WHAT NEEDS TO BE DONE:
Locate the line bearing "Photo - 53 Mcmahon" in the material below, then reproduce it and each following line up to and including the line bearing "レア☆巨大な星！アステロイド水晶(がっつり虹入り)".

SOURCE MATERIAL:
|---|
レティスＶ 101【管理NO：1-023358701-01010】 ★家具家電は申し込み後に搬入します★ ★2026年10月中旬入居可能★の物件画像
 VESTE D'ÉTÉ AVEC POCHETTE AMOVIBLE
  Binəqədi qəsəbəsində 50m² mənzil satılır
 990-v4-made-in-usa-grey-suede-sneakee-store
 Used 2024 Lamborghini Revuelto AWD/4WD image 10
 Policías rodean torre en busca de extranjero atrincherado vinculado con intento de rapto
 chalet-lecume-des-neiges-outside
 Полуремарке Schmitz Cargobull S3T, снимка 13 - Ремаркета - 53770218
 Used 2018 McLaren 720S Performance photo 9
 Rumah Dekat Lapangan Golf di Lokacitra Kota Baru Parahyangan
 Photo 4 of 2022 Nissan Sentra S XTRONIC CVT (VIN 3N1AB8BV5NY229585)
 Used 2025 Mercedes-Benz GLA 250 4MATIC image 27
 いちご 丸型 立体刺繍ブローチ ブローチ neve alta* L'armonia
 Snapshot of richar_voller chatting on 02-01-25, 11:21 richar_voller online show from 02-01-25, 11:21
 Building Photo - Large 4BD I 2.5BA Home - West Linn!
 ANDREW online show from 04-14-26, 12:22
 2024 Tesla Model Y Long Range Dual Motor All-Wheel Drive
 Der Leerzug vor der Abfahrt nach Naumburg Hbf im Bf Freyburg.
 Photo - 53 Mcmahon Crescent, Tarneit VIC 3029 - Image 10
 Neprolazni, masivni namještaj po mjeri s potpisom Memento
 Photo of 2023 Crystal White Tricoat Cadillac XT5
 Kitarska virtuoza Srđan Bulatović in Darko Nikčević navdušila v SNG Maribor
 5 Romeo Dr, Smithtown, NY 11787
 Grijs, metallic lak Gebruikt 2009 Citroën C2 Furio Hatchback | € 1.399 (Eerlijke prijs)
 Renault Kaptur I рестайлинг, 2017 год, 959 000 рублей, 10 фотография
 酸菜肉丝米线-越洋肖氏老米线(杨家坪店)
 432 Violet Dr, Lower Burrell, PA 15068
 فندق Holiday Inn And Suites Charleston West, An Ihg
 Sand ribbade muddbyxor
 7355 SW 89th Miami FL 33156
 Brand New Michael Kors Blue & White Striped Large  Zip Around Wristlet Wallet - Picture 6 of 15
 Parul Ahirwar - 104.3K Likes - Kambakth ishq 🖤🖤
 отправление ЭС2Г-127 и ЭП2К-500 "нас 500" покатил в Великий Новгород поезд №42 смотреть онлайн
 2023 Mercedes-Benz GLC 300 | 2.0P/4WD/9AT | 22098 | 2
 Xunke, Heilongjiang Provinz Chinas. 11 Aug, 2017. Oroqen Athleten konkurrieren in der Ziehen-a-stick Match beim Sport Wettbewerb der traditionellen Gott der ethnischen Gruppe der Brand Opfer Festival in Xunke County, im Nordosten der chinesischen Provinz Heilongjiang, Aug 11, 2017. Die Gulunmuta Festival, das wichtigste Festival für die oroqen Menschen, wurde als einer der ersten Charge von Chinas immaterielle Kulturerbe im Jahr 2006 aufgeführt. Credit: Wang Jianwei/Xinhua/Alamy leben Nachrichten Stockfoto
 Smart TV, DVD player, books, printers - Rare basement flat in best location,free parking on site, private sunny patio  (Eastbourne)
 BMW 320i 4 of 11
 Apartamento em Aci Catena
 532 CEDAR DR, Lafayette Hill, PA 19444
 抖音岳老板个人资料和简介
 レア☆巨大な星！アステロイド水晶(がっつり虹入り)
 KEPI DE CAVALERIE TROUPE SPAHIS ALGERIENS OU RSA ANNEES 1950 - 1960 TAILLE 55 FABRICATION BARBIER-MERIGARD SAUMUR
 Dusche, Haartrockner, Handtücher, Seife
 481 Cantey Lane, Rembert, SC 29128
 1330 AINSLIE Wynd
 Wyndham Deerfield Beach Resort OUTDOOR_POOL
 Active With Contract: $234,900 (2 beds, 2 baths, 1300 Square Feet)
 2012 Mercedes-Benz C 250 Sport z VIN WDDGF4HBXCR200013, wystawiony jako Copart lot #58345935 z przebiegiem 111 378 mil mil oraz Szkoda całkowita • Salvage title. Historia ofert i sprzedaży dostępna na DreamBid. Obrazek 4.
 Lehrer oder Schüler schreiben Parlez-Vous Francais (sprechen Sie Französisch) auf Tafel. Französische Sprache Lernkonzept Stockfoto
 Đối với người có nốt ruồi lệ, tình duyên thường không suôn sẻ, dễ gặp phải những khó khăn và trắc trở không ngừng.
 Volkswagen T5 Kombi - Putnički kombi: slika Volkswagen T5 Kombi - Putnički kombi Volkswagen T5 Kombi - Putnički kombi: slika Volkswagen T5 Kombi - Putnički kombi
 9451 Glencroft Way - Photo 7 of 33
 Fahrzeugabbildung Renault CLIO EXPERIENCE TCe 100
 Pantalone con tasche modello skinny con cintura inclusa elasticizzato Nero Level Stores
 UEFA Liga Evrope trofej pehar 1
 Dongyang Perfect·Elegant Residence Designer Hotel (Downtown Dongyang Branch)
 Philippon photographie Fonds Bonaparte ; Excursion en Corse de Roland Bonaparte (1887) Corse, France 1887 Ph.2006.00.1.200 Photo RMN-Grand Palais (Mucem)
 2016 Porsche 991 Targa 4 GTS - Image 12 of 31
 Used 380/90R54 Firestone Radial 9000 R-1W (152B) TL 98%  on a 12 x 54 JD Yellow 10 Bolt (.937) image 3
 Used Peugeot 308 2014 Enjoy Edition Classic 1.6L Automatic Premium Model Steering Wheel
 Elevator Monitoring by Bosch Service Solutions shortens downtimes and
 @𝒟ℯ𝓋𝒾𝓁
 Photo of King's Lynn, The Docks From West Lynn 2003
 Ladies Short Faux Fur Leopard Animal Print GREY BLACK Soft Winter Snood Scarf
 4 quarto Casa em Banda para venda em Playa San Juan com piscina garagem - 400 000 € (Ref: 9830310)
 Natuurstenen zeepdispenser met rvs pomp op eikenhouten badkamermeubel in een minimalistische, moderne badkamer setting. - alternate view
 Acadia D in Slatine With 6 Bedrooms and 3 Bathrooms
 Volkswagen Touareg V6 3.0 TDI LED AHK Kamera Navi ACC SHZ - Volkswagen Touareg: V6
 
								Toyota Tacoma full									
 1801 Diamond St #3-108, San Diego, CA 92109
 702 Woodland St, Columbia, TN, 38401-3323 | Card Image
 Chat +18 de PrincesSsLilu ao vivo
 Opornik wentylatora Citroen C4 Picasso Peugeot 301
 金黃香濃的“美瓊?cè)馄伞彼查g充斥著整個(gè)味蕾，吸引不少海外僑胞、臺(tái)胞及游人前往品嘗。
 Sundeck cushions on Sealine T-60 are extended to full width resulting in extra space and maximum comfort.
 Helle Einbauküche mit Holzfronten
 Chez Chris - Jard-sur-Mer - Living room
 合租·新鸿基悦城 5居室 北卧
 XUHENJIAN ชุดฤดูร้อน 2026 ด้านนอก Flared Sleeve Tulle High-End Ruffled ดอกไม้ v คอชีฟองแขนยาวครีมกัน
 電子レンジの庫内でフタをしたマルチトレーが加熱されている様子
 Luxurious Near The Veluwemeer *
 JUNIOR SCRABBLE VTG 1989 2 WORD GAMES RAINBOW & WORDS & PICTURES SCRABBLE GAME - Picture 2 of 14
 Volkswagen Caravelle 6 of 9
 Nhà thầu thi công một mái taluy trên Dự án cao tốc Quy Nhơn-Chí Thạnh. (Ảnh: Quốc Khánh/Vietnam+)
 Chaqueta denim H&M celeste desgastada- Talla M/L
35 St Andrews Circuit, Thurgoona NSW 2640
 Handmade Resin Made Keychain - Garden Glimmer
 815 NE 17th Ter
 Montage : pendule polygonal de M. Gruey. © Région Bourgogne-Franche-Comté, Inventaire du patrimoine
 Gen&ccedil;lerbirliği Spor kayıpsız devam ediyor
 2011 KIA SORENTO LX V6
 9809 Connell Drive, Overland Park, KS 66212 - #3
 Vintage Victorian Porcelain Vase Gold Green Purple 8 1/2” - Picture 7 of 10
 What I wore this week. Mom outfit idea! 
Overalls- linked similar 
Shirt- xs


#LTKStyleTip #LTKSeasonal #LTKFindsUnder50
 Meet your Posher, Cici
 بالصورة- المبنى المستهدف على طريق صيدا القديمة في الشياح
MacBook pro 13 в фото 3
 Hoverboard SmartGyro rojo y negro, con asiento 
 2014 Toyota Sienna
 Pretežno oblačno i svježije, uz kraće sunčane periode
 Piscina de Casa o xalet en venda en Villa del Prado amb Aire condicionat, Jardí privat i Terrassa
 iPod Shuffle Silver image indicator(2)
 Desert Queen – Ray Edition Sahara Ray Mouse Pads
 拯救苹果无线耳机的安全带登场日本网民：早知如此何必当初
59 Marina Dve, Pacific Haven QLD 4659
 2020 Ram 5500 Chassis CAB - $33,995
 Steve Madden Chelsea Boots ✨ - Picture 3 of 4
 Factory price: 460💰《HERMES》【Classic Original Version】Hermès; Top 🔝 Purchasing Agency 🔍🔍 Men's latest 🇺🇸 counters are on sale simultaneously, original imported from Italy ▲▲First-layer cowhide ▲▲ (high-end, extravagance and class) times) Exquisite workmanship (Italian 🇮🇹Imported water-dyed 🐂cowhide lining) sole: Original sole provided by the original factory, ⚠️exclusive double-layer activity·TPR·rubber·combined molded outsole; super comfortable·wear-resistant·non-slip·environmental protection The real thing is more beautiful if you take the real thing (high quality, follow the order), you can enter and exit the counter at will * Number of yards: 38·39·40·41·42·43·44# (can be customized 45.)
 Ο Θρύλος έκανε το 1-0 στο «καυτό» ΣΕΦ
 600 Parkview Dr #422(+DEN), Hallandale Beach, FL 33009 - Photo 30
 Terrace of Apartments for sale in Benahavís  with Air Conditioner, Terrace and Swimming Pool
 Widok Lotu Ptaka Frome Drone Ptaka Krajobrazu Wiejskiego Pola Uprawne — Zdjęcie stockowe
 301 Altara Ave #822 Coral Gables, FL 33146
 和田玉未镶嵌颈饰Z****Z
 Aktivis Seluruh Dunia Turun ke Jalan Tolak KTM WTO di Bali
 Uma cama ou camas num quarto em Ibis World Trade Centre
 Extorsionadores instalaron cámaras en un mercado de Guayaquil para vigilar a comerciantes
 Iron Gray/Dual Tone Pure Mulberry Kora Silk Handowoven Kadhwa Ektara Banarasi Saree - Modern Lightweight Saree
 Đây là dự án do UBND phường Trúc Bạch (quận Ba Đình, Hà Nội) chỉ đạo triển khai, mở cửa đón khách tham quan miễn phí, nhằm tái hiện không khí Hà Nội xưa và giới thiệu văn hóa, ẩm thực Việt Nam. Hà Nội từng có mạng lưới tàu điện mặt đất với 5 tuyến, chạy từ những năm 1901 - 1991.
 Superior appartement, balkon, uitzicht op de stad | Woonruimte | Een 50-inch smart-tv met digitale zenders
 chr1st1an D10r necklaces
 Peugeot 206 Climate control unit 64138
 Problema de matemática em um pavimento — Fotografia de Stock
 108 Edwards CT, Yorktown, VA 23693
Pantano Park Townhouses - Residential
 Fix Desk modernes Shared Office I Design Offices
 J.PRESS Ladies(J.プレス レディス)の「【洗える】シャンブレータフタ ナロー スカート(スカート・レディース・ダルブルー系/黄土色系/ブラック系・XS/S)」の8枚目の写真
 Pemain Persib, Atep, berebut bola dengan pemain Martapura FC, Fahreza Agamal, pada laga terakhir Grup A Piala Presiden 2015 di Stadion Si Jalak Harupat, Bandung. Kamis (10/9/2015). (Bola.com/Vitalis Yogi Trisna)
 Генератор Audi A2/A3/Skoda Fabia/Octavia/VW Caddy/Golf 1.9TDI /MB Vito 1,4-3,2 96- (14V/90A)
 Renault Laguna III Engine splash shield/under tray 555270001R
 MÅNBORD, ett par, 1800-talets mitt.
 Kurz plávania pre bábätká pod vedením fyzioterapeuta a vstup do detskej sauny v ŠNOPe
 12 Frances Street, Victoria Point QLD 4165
|---|
TASK RESPONSE:
 Photo - 53 Mcmahon Crescent, Tarneit VIC 3029 - Image 10
 Neprolazni, masivni namještaj po mjeri s potpisom Memento
 Photo of 2023 Crystal White Tricoat Cadillac XT5
 Kitarska virtuoza Srđan Bulatović in Darko Nikčević navdušila v SNG Maribor
 5 Romeo Dr, Smithtown, NY 11787
 Grijs, metallic lak Gebruikt 2009 Citroën C2 Furio Hatchback | € 1.399 (Eerlijke prijs)
 Renault Kaptur I рестайлинг, 2017 год, 959 000 рублей, 10 фотография
 酸菜肉丝米线-越洋肖氏老米线(杨家坪店)
 432 Violet Dr, Lower Burrell, PA 15068
 فندق Holiday Inn And Suites Charleston West, An Ihg
 Sand ribbade muddbyxor
 7355 SW 89th Miami FL 33156
 Brand New Michael Kors Blue & White Striped Large  Zip Around Wristlet Wallet - Picture 6 of 15
 Parul Ahirwar - 104.3K Likes - Kambakth ishq 🖤🖤
 отправление ЭС2Г-127 и ЭП2К-500 "нас 500" покатил в Великий Новгород поезд №42 смотреть онлайн
 2023 Mercedes-Benz GLC 300 | 2.0P/4WD/9AT | 22098 | 2
 Xunke, Heilongjiang Provinz Chinas. 11 Aug, 2017. Oroqen Athleten konkurrieren in der Ziehen-a-stick Match beim Sport Wettbewerb der traditionellen Gott der ethnischen Gruppe der Brand Opfer Festival in Xunke County, im Nordosten der chinesischen Provinz Heilongjiang, Aug 11, 2017. Die Gulunmuta Festival, das wichtigste Festival für die oroqen Menschen, wurde als einer der ersten Charge von Chinas immaterielle Kulturerbe im Jahr 2006 aufgeführt. Credit: Wang Jianwei/Xinhua/Alamy leben Nachrichten Stockfoto
 Smart TV, DVD player, books, printers - Rare basement flat in best location,free parking on site, private sunny patio  (Eastbourne)
 BMW 320i 4 of 11
 Apartamento em Aci Catena
 532 CEDAR DR, Lafayette Hill, PA 19444
 抖音岳老板个人资料和简介
 レア☆巨大な星！アステロイド水晶(がっつり虹入り)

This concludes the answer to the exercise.